──────── Data excerpts ────────

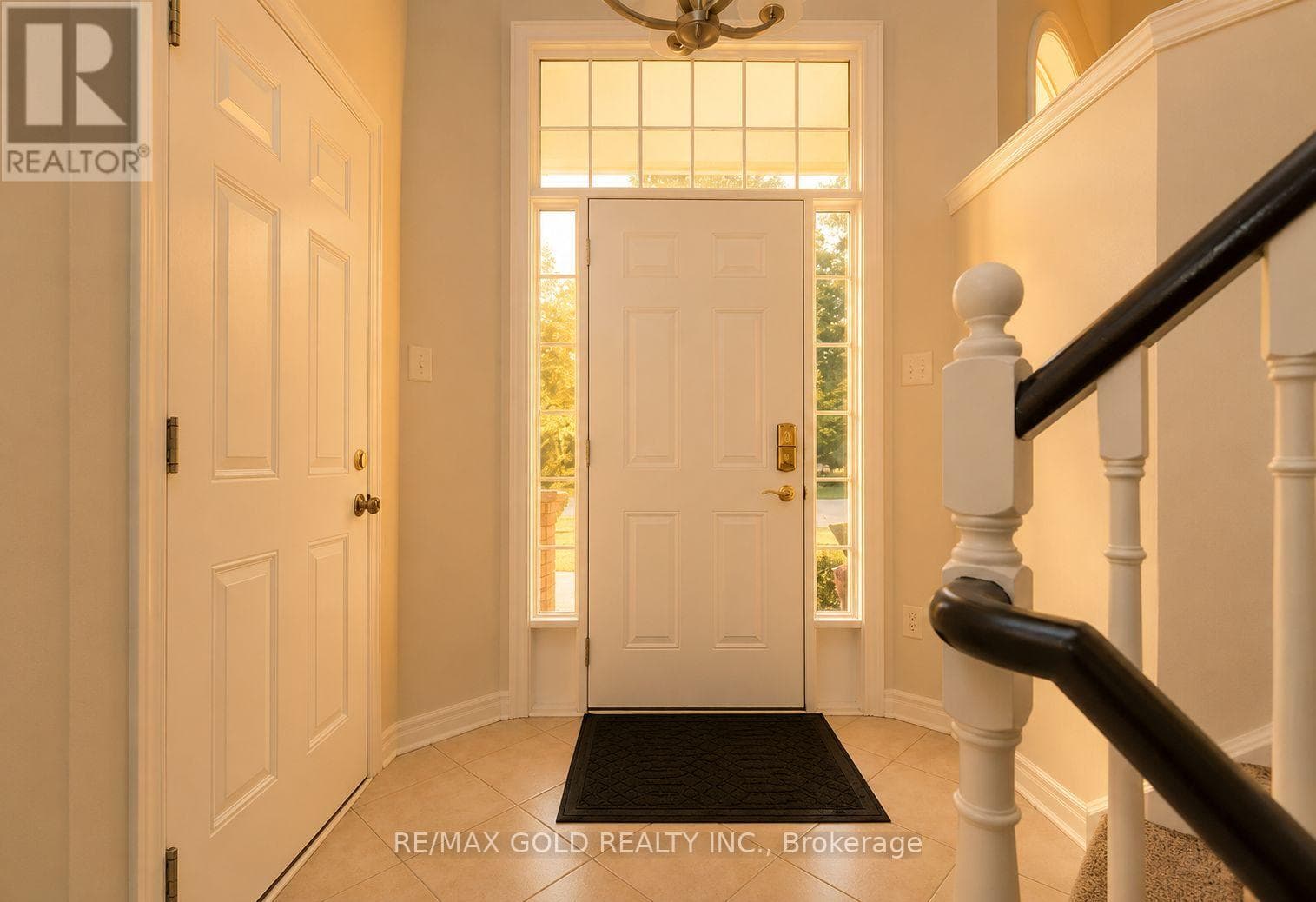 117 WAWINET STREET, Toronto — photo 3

────────
──────── Data excerpts ────────

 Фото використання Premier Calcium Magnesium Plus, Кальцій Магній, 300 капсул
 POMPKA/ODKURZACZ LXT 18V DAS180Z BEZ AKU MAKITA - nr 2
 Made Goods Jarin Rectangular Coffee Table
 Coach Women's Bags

────────

Look through the entries above and quote exactly the lines from the line with "Made Goods Jarin Rectangular Coffee Table" to the line with "Coach Women's Bags", counting both of those lines.

 Made Goods Jarin Rectangular Coffee Table
 Coach Women's Bags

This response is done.